Als iemand naast zijn uitkering werkt en dit draagt bij aan zijn of haar arbeidsinschakeling dan wordt een deel van de inkomsten vrijgelaten. Het college vult in voor wie (parttime) werk bijdraagt aan de arbeidsinschakeling. In Vlaardingen zijn drie doelgroepen onderscheiden waarbij (parttime) werk bijdraagt aan de arbeidsinschakeling, omdat deze doelgroepen door hun thuissituatie, hun leeftijd of persoonlijke situatie een wat grotere afstand tot de arbeidsmarkt hebben:

• alleenstaande ouders met een kind jonger dan 12 jaar;

• personen van 57,5 jaar en ouder; en

• personen die zijn aangewezen op parttime arbeid. De inkomstenvrijlating loopt over een aangesloten periode van maximaal 6 maanden, ongeacht of de belanghebbende in die periode alle maanden inkomsten uit arbeid heeft. De vrijlating wordt ambtshalve toegekend. De benodigde gegevens worden maandelijks door de belanghebbende via het rechtmatigheidsformulier doorgegeven. Omdat fraude nooit mag lonen, geldt deze vrijlating niet voor inkomsten die in strijd met de inlichtingenplicht niet of niet tijdig zijn doorgegeven.

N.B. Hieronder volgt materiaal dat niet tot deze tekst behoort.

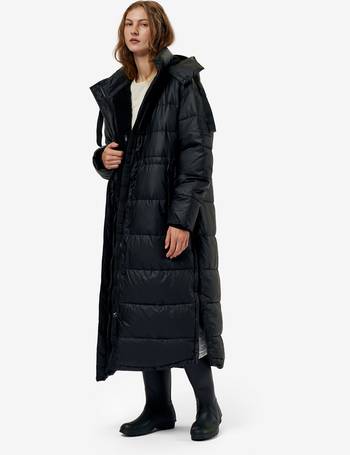 Shop Hunter Women's Black Coats up to 50% Off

In de wet is bepaald dat deze inkomstenvrijlating niet geldt voor jongeren tot 27 jaar. Artikel 3 - inkomstenvrijlating alleenstaande ouders

Naast de algemene inkomstenvrijlating heeft de wetgever een inkomstenvrijlating geregeld voor de alleenstaande ouder die de volledige zorg heeft voor een ten laste komend kind tot 12 jaar. De vrijlating beoogt een prikkel te zijn om volledig economisch zelfstandig te worden. Dit is het geval als de werkzaamheden naar het oordeel van het college, bijdragen aan de arbeidsinschakeling. Ieder initiatief van alleenstaande ouders om (parttime) werk te verrichten draagt daaraan bij. De inkomstenvrijlating loopt over een aangesloten periode van maximaal 30 maanden, ongeacht of de belanghebbende in die periode alle maanden inkomsten uit arbeid heeft. De vrijlating wordt ambtshalve toegekend. De benodigde gegevens worden maandelijks door de belanghebbende via het rechtmatigheidsformulier doorgegeven. Omdat fraude nooit mag lonen geldt deze vrijlating niet voor inkomsten die in strijd met de inlichtingenplicht niet of niet tijdig zijn doorgegeven.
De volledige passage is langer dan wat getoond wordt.